“Did you get anything out of that damn book yet?” I heard the shout echo through my cavernous home and returned a shout of my own.
It had been about a month since the shitstorm blew through and I turned a portion of North Florida into glass. My ex-lover who betrayed me was nowhere to be seen. Which was probably for the best because I was ready to kick his ass. The last time I saw my dog he looked like a Norse god, and he was panting after the only surviving twin goddess of a long-extinct Nubian tribe. My conniving former best friend was still a bitch—literally. But the more things change… Well, let’s just say things were working the way they’d always worked. Life as a genie is long, but hey, unless you really work at it, it’s not boring.
Sometimes I wish I put forth the effort.
“Oy, Jo?” said the only constant in my life. The right-proper Basil Hadresham was my business partner, decades-long friend, and genie extraordinaire. Plus, he spent the past thirty some odd years keeping my life on an even keel. Even if he did have a bad habit of shouting through my abode.
“I heard you. And the answer is no,” I shouted back. “Did you get anything out of that damn dog yet?”
“The bitch is being bloody difficult.” Basil entered my library with the dog in question trailing behind him.
She will tell you nothing, I saw written across the blank page of the book in front of me. Just as you will learn nothing from me.
“And here I was thinking you’d want to brag a little,” I said back to what was in reality a former genie who’d chosen to become an Efreet, one I’d transformed into a sentient tome to keep him from killing me. Since genies can’t apply the death penalty the way Efreet can, Amun got sentenced to spending a good long while as a smart-mouth, uptight, pain in my ass book. I’d taken a bit of shit for going off-script and making him reading material inside of the family pet, but, hey, he deserved it.
Once upon a time, that dog beside Basil, Mena, had been my best friend, until she went to the dark side. I guess they really did have better cookies. Once she made it clear which side of good and evil she played for, she got the old fashioned sentence of being transformed into a pooch. It wasn’t my idea, but it had worked for djinn-kind for centuries—until I came up with the book idea.
Books are easier to take care of, and they only mouth off to you if you open their covers and read what they have to say. Plus, they are way less messy.

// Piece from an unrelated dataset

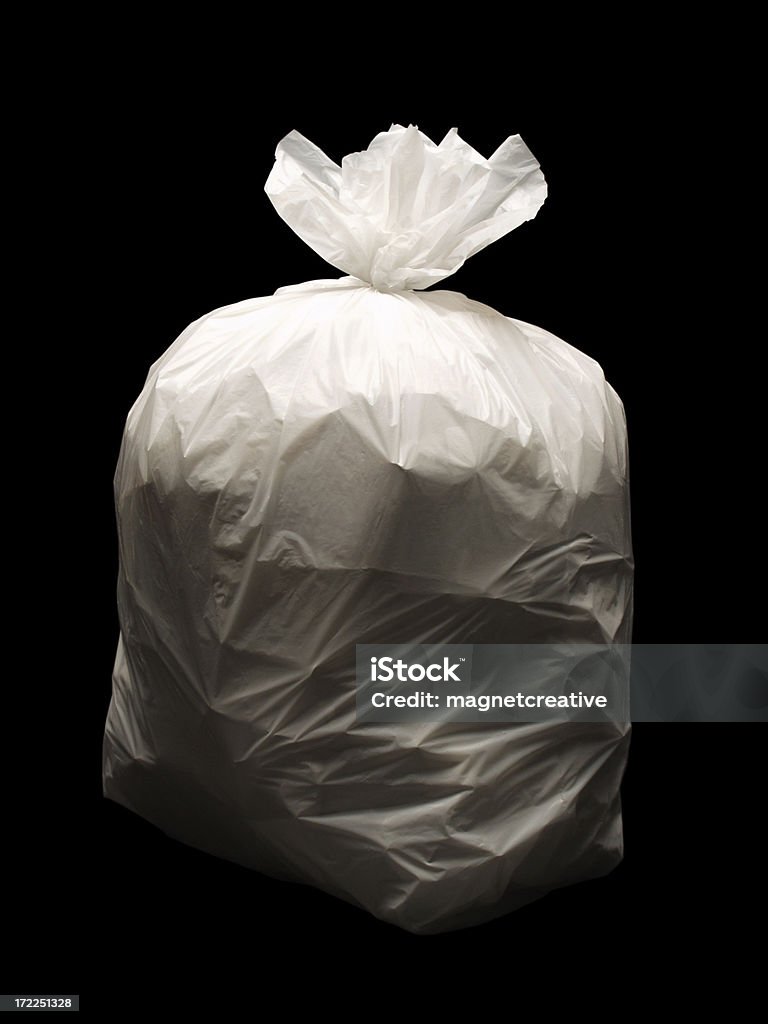 Sacco della spazzatura su sfondo nero - Foto stock royalty-free di Sacco per immondizia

Proving my point, Mena decided to do her business on my rug.
“Bad dog,” I said, conjuring a rolled-up newspaper and making it whack her on the nose.

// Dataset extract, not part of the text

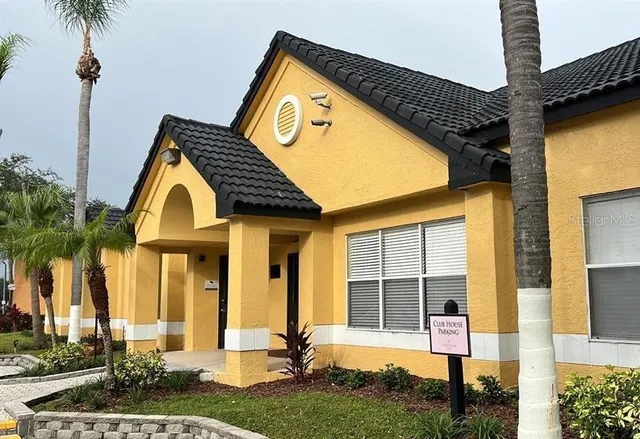 $1,175 | 5737 Gatlin Avenue, Unit 425, Orlando, FL 32822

“Bitch,” she said back to me. “I hate when you do that.”
“I hated when you betrayed me and got people killed, so I guess I win.” I whacked her again for good measure and then let the newspaper unfurl itself on the floor. “If you have to go again, use that.”
My editor hasn't touched that yet, so go easy on me.
Anyway, I hope you enjoyed it a little and I hope to have this available by Labor Day. I know it seems like a long way off, but AWE takes a month to get the first round of edits back to me, I do my thing, and she takes another 3 weeks to get the second round back to me. Then I do my thing again, format the sucker, and upload it. This stuff takes time. I wish I could make it faster, but I do want this to be as good a book as possible before readers slap down good money for it. You understand that, right?